§ **Aim of the exercise**:
Print the lines that run from the line with "Fendt 714 Vario" to the line with "WILLYS BREAD- image", keeping both end lines, exactly as they appear in the entries below, and nothing else.

§ **Task data**:
┌──

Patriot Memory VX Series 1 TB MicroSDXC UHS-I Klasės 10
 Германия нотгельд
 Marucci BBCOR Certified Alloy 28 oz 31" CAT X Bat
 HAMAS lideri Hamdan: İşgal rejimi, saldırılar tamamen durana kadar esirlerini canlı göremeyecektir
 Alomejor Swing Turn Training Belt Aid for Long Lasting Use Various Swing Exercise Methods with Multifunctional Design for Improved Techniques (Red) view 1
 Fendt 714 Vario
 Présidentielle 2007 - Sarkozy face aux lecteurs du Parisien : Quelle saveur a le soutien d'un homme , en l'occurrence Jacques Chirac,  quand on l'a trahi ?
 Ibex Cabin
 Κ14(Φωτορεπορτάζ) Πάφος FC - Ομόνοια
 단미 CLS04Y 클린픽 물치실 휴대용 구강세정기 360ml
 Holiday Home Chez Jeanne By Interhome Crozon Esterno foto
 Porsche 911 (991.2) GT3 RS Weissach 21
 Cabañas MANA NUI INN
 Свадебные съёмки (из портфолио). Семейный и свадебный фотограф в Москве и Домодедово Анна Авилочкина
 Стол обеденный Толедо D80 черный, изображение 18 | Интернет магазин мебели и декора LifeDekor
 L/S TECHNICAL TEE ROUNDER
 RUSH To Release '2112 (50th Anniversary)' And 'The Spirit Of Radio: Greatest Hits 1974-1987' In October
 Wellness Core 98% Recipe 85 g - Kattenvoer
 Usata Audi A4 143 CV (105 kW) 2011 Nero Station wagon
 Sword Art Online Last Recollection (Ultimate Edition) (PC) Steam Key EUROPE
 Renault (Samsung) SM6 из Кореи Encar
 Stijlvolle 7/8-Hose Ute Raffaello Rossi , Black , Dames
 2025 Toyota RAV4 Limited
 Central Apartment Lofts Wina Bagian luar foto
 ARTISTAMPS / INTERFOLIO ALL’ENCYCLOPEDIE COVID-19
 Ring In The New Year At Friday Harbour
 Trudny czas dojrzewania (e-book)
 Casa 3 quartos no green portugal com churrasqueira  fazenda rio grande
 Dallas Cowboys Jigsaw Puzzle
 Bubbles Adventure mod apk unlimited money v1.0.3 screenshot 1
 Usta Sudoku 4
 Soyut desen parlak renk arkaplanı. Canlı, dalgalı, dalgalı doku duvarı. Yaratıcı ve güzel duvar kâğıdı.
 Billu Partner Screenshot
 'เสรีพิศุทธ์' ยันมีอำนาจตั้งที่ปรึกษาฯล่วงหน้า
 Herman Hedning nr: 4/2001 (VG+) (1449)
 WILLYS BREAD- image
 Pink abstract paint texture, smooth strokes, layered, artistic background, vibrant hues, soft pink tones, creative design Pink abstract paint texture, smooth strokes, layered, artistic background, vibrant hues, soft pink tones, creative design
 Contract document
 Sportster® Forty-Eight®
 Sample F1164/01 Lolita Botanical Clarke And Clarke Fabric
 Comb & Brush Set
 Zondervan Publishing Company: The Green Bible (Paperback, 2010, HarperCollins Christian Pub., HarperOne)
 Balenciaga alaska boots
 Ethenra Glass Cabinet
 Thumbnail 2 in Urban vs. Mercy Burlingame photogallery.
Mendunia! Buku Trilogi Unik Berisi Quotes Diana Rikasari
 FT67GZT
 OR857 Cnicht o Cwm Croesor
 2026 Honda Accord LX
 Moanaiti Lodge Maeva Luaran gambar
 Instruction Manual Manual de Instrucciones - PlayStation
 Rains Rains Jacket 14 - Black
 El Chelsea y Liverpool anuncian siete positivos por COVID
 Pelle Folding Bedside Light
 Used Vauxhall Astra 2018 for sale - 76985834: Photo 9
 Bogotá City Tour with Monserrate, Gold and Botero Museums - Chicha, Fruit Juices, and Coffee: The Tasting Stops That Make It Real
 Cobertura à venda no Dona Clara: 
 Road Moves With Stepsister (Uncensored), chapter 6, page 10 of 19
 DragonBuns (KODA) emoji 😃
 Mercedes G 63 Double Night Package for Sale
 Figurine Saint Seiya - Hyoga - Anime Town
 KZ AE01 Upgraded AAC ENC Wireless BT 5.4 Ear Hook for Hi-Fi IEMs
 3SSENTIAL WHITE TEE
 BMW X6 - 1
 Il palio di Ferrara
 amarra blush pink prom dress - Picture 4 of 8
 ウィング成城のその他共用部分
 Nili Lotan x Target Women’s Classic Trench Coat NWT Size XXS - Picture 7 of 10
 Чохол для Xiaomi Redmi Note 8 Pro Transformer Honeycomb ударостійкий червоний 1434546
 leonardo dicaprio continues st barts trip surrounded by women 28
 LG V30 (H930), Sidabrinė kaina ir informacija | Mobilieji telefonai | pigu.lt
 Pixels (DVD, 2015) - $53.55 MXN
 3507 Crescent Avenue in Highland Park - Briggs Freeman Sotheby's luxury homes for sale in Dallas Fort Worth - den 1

└──

§ **Answer below**:
 Fendt 714 Vario
 Présidentielle 2007 - Sarkozy face aux lecteurs du Parisien : Quelle saveur a le soutien d'un homme , en l'occurrence Jacques Chirac,  quand on l'a trahi ?
 Ibex Cabin
 Κ14(Φωτορεπορτάζ) Πάφος FC - Ομόνοια
 단미 CLS04Y 클린픽 물치실 휴대용 구강세정기 360ml
 Holiday Home Chez Jeanne By Interhome Crozon Esterno foto
 Porsche 911 (991.2) GT3 RS Weissach 21
 Cabañas MANA NUI INN
 Свадебные съёмки (из портфолио). Семейный и свадебный фотограф в Москве и Домодедово Анна Авилочкина
 Стол обеденный Толедо D80 черный, изображение 18 | Интернет магазин мебели и декора LifeDekor
 L/S TECHNICAL TEE ROUNDER
 RUSH To Release '2112 (50th Anniversary)' And 'The Spirit Of Radio: Greatest Hits 1974-1987' In October
 Wellness Core 98% Recipe 85 g - Kattenvoer
 Usata Audi A4 143 CV (105 kW) 2011 Nero Station wagon
 Sword Art Online Last Recollection (Ultimate Edition) (PC) Steam Key EUROPE
 Renault (Samsung) SM6 из Кореи Encar
 Stijlvolle 7/8-Hose Ute Raffaello Rossi , Black , Dames
 2025 Toyota RAV4 Limited
 Central Apartment Lofts Wina Bagian luar foto
 ARTISTAMPS / INTERFOLIO ALL’ENCYCLOPEDIE COVID-19
 Ring In The New Year At Friday Harbour
 Trudny czas dojrzewania (e-book)
 Casa 3 quartos no green portugal com churrasqueira  fazenda rio grande
 Dallas Cowboys Jigsaw Puzzle
 Bubbles Adventure mod apk unlimited money v1.0.3 screenshot 1
 Usta Sudoku 4
 Soyut desen parlak renk arkaplanı. Canlı, dalgalı, dalgalı doku duvarı. Yaratıcı ve güzel duvar kâğıdı.
 Billu Partner Screenshot
 'เสรีพิศุทธ์' ยันมีอำนาจตั้งที่ปรึกษาฯล่วงหน้า
 Herman Hedning nr: 4/2001 (VG+) (1449)
 WILLYS BREAD- image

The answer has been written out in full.